Use of the service requires prior authentication. If you do not have an account, you must request it by email to 'cbadenes' at 'fi.upm.es' .

Multiple levels of depth are considered: (1) from the collection itself, discovering the topics that are mainly dealt with, (2) from a document, establishing content relations with other documents in the collection and (3) from a free text, identifying the most similar documents.

Topic Model-as-a-Service

A topic model can easily be created from a .csv or .jsonl file (even in .tar.gz format), or from a SOLR collection.

The model is distributed as a Docker container with a Rest API that allows to explore the topics and make inferences from the collection of documents (e.g a model created from the 20newsgroup dataset is available at http://librairy.linkeddata.es/20news-model)
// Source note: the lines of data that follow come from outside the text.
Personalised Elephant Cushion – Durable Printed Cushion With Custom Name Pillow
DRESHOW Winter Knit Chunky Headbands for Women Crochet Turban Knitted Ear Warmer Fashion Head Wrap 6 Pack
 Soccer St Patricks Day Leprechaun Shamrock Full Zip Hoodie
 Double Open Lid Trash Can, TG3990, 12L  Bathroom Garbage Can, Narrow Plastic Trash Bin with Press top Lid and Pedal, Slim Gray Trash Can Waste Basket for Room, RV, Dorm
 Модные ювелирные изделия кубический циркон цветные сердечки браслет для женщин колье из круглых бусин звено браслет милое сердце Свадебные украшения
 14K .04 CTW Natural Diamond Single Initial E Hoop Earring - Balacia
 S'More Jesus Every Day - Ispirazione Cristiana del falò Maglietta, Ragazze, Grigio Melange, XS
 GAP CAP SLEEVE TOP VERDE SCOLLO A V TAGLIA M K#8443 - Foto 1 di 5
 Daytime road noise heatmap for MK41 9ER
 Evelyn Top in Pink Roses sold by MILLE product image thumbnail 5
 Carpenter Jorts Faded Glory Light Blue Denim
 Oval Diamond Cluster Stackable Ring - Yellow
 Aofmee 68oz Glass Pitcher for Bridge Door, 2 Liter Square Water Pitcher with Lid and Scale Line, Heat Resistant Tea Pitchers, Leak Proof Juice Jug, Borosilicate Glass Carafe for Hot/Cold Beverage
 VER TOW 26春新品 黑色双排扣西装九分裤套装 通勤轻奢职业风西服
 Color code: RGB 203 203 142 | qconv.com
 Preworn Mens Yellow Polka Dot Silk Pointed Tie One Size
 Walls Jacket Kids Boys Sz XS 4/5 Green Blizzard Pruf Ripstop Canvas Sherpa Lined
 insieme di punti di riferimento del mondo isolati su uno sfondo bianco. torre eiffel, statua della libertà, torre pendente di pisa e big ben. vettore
Just make a HTTP_POST request to http://librairy.linkeddata.es/api/topics with a message like this:

{
  "name": "20newsgroup-model",
  "description": "topic model created from 20newsgroup dataset",
  "contactEmail": "personal@mail",
  "version": "1.0",
  "parameters": {
    "maxdocratio": "0.9",
    "minfreq": "5"
  },
  "docker": {
    "email": "docker-hub@mail",
    "password": "secret",
    "repository": "organization/name",
    "user": "dockerhub-user"
  },
  "dataSource": {
    "dataFields": {
      "id": "0",
      "labels": [
        "1"
      ],
      "text": [
        "2"
      ]
    },
    "filter":";;",
    "format": "CSV_TAR_GZ",
    "offset": 0,
    "size": 200,
    "url": "https://delicias.dia.fi.upm.es/nextcloud/index.php/s/mdeYNdiRs5obfMH/download"
  }
}

When a dataSource is CSV (i.e. format=CSV or format=CSV_TAR_GZ), the filter field is the separator used in the file (e.g. ;;). In another case it is used as a filter on the query, for example when reading data from a collection in SOLR:

{
  "name": "my-model",
  "description": "my first model using librAIry",
  "contactEmail": "sample@mail.com",
  "version": "1.3",
  "parameters": {
    "maxdocratio": "0.9",
    "minfreq": "5"    
  },
  "docker": {
    "email": "docker-hub@mail",
    "password": "secret",
    "repository": "organization/name",
    "user": "dockerhub-user"
  },
  "dataSource": {    
    "dataFields": {
      "id": "id",
      "labels": [
        "root-labels_t"
      ],
      "text": [
        "txt_t"
      ]
    },
    "filter":"size_i:[100 TO *] && source_s:public && lang_s:en && root-labels_t:[* TO *]",
    "format": "SOLR_CORE",
    "offset": 0,
    "size": 20000,
    "url": "http://localhost:8983/solr/documents"
  }
}

In any case, it is essential to correctly indicate the representative fields of the document (dataFields) by:

  • id: (mandatory) the field that identifies each document
  • text: (mandatory) the field (or fields) that contain the text
  • labels: (optional) the field (or fields) that contain the labels that will define the topics themselves (supervised model).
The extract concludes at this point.